Preaching can be high-risk at times! Especially if the sermon goes “overtime.” Some people like their sermons “short and sweet.” A young preacher began his first located work and asked in a meeting, “About what should I preach?” He was told, “About heaven and about fifteen minutes.”

All joking aside, the Bible reveals that preaching sometimes places the preacher in a flash-point between what people want to hear on the one hand, and what God wants said on the other. The wicked, Baal-worshiping Queen Jezebel, wife of Israel’s awful King Ahab, made it state policy to massacre the Lord’s prophets because they opposed idolatry (1 Kings 18:4, 13).

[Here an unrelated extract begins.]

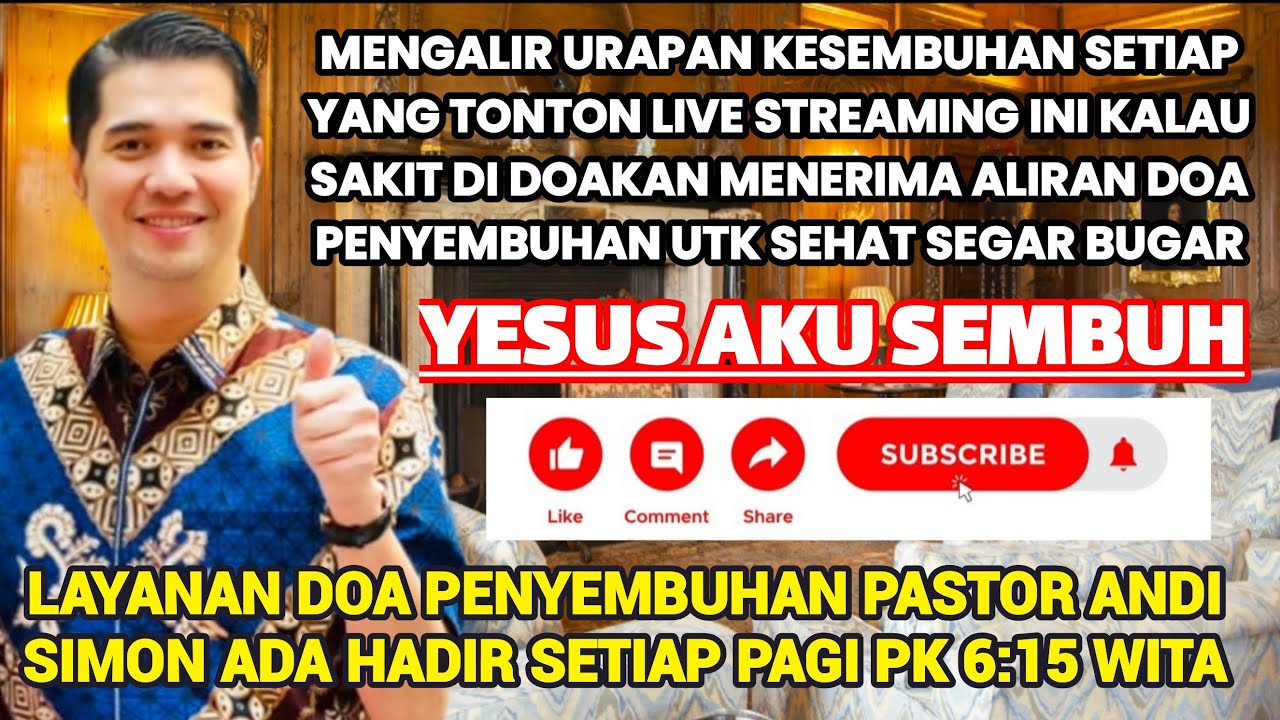 YESUS AKU SEMBUH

In 1 Kings 18:17-18 Ahab accuses the prophet Elijah of  being “he that troubleth Israel.” Study reveals the only trouble Elijah caused was speaking out against the king’s wicked ways. Ahab imprisoned a prophet named Micaiah in 1st Kings 22. Ahab freely acknowledged to King Jehoshaphat of Judah that Micaiah was indeed the Lord’s prophet, but confessed, “but I hate him, because he does not prophesy good concerning me, but evil.” It didn’t bother Ahab that he WAS evil – but it bothered him greatly that the preacher dared call him and his moral / spiritual beliefs and behavior “evil.” Because of the powerful but wicked Ahab, preaching was high-risk for Micaiah. Another notable Old Testament spokesman for God who was at risk was Daniel. He was thrown into a lion’s den for obeying God – is that high risk?  Daniel’s three Jewish friends took a great risk and dared defy King Nebuchadnezzar’s vulgar decree to worship a statue. Their “reward” was being thrown into a super-heated oven (see Daniel 3). Perhaps most memorable of all was the weeping prophet Jeremiah. He was mocked and derided till his heart broke and he tried to quit preaching and speaking in the Lord’s name. But he couldn’t because, “His word was in my heart like a burning fire, shut up in my bones” (Jeremiah 20:7-10). At one point the princes of Jerusalem cast him into a filthy dungeon where he sank down in the mire. So much for preaching being a low-risk or no-risk job.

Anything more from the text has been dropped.